Selon Simone Weil, pour s’opposer à la division du travail et à la subordination de l’ouvrier, il faut un enracinement qui repose sur l’organisation de communautés autonomes, de petites unités de production reliées entre elles. Cela suppose une éducation qui, dès le plus jeune âge, habitue les enfants à mépriser le rapport de forces, jusque dans les cours de récréation. Ce sont les affects qu’il faut toucher car la force a sa racine dans la fascination qu’elle exerce, comme le montre l’engouement des masses pour Hitler. Simone Weil refuse cependant les formes conservatrices de l’enracinement ; elle remplace la Terre par le champ, le Peuple par l’amitié, la Patrie par la culture. Il s’agit d’une relocalisation des solidarités. L’enracinement suppose des devoirs permettant de développer une spiritualité capable d’apercevoir que le moi fait obstacle à l’amour du monde.
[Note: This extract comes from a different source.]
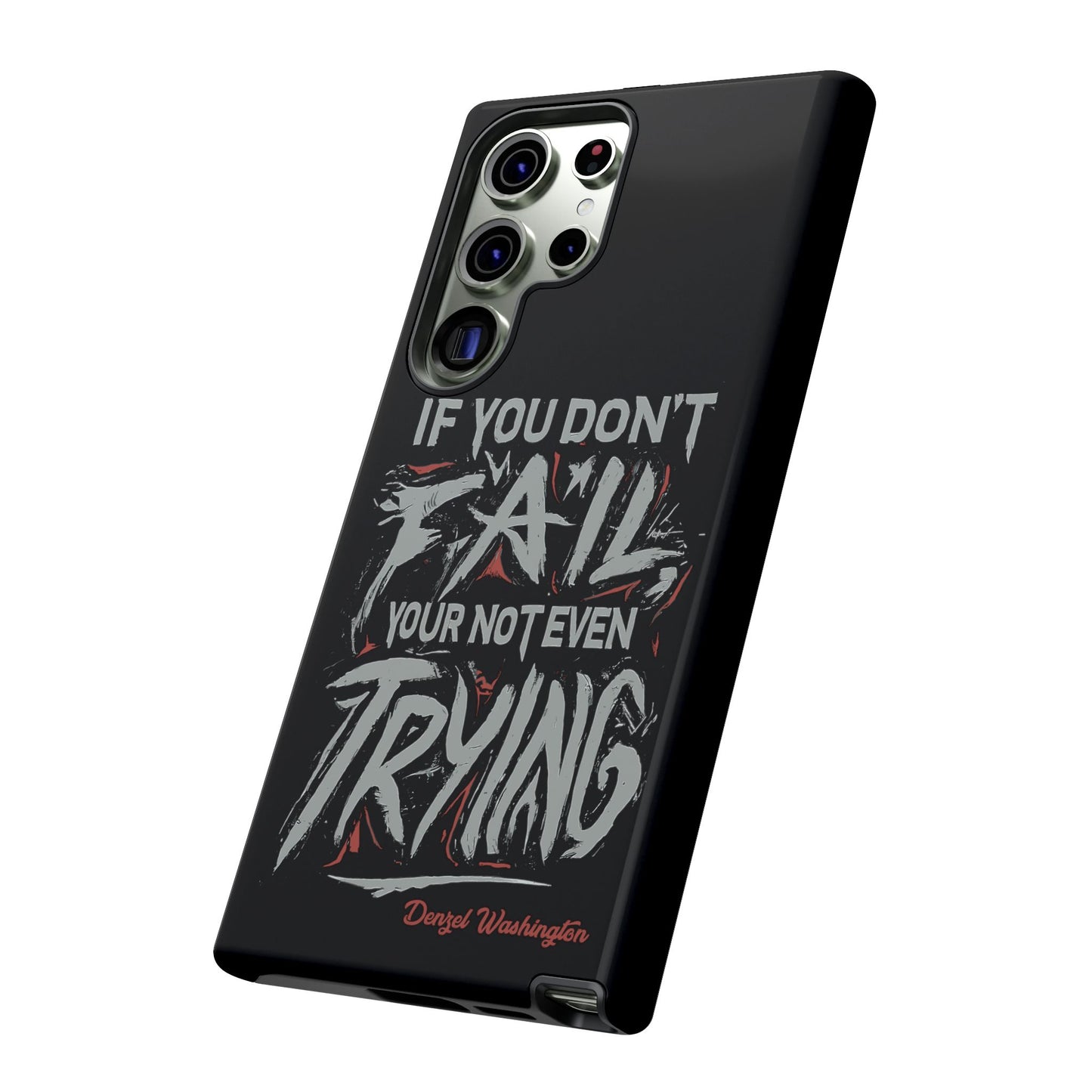 If You Dont Fail Yo're Not Even Trying Design 2 - Mobile Case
* Les précurseurs de la décroissance, une anthologie (Éditions le passager clandestin 2016, 272 pages pour 15 euros)
Bonne année à tous
Oh que oui ! toutes les réflexions fondamentales ont été faites depuis longtemps, et bien avant Simone Weil. La sagesse a en effet une longue histoire, et il semble bien que nous ayons un sacré problème avec ça.
Admettant que l’Homme en soit capable… puisse cette année être celle de l’acceptation de la réalité et d’un véritable élan vers la joie de vivre dans la simplicité volontaire.
Comme en beaucoup d’autres domaines ils semblent que toutes les réflexions fondamentales aient été faites depuis longtemps, Simone Weil en est une preuve de plus.